Für deutlich mehr Aufregung sorgte aber zumindest am Donnerstag die Verteuerung der Parkgebühren. »Ist das tatsächlich das richtige Signal zur richtigen Zeit?«, wollte der CDU-Fraktionsvorsitzende Klaus Peter Möller wissen. Zudem missfällt ihm, dass zahlreiche Bürger für einen Stellplatz vor ihrem eigenen Haus auch noch Geld bezahlen müssten. Als Beispiele für weitere »Opfer« der Erhöhung nannte Dominik Erb die Justiz-Angestellten und THM-Angehörigen in der Ringallee, die schließlich berufs- und studienbedingt auf die Parkplätze angewiesen seien. Zudem rief er in Erinnerung, wie schlecht es um ÖPNV-Verbindungen vom Umland in die Stadt häufig bestellt ist. Besonders in Rage war Heiner Geißler, der einwarf, dass ein Großteil der Einkäufe in der Innenstadt aufgrund des Gewichts mit dem Auto nach Hause gebracht werden müsste. Dem stellte Bürgermeister Alexander Wright (Grüne) entgegen, dass 40 Prozent ihr Auto nehmen, obwohl sie eigentlich nur eine Wegstrecke von weniger als fünf Kilometer fahren. »Und davon müssen wir weg«, verteidigte er die Pläne.

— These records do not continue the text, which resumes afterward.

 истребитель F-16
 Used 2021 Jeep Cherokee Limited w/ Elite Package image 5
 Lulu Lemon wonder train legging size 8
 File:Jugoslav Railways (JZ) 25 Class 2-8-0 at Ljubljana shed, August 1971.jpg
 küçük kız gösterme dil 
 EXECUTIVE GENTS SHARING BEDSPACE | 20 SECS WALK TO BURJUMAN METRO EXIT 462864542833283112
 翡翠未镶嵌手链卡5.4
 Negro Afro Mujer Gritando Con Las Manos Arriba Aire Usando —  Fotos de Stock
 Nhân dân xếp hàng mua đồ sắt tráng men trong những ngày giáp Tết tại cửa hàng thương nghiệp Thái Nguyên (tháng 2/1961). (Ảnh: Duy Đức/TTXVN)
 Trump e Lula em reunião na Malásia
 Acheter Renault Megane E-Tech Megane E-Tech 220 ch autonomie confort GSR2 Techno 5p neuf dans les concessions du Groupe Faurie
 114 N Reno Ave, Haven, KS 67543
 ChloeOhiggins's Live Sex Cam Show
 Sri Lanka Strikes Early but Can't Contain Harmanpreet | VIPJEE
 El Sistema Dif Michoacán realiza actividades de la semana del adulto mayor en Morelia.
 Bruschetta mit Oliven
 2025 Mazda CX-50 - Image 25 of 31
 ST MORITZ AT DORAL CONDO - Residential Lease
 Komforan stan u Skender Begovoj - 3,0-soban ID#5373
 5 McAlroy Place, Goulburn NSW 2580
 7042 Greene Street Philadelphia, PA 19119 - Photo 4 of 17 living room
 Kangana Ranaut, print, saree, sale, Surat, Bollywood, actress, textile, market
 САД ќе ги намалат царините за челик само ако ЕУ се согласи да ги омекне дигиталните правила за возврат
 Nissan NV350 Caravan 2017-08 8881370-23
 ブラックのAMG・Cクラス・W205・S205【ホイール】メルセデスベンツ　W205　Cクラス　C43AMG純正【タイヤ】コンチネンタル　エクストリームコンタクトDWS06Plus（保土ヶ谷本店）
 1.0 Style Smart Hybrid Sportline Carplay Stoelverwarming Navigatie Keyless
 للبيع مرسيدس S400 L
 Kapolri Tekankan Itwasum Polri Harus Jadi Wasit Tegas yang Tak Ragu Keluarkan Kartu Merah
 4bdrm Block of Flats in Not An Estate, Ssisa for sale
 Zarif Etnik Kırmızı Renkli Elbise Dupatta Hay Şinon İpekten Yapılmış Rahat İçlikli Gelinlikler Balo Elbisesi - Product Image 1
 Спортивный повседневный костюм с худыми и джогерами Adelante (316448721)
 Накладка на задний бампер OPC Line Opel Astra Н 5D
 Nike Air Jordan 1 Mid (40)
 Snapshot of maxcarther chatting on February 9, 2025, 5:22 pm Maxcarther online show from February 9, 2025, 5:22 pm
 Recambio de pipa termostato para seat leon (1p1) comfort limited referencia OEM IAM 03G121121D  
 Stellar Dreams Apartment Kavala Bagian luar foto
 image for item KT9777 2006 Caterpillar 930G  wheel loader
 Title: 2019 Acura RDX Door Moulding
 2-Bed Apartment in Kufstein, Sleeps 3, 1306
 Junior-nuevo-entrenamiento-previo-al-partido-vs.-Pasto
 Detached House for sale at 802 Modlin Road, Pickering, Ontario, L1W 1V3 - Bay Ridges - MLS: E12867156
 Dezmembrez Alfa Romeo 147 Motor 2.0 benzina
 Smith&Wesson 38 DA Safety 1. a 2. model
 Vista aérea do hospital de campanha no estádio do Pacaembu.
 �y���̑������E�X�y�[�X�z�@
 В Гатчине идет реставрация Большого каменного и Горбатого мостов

Erfolg hatte die FDP mit ihrem Antrag, die Zahl der Anspruchsberechtigten für den »Gießen-Pass« auszuweiten. Ihre Forderung, dass auch jenen die damit verbundenen Leistungen zustehen sollten, die als Geringverdiener Wohngeld oder Zuschuss zum Kindergeld erhalten, wurde von den übrigen Fraktionen unterstützt. Auch hier war als Begründung die hohe Inflationsrate genannt worden.
Gescheitert sind die Liberalen hingegen mit ihrem Antrag, den Magistrat zu verpflichten, die im Rahmen der Grundsteuerreform anzupassenden Hebesätze so zu wählen, dass »das Aufkommen aus der Grundsteuer maximal so hoch bleibt wie vor der Reform«. Womit die FDP den Bürgern eine weitere finanzielle Mehrbelastung ersparen wollte, wie Dominik Erb ausführte. Doch nur die CDU schloss sich diesem Vorschlag an. Alexander Wright lehnte ihn schon allein deshalb ab, weil man sich mit einer solchen Entscheidung die Flexibilität bei der Gestaltung der Hebesätze nehme. »Wir könnten ja auch auf die Idee kommen, die Steuer zu senken.«
»Blödsinn«
Als der Grünen-Politiker dann allerlei FDP-Anträge aufzählte, die im vergangenen Jahr im Parlament gestellt worden waren, um das Vorgehen der Kontrahenten anzuprangern, sah sich Erb zu einer sofortigen Reaktion veranlasst. »Diesen Blödsinn kann ich Dir so nicht durchgehen lassen«, ließ er Wright wissen. Daraufhin entspann sich ein kurzes, aber heftiges Wortgefecht, bei dem auch Zwischenrufer mitwirkten. Was erneut zeigte, wie es derzeit gerade wegen der teuren Auswirkungen des Ukraine-Krieges um das Nervenkostüm vieler Politiker bestellt ist.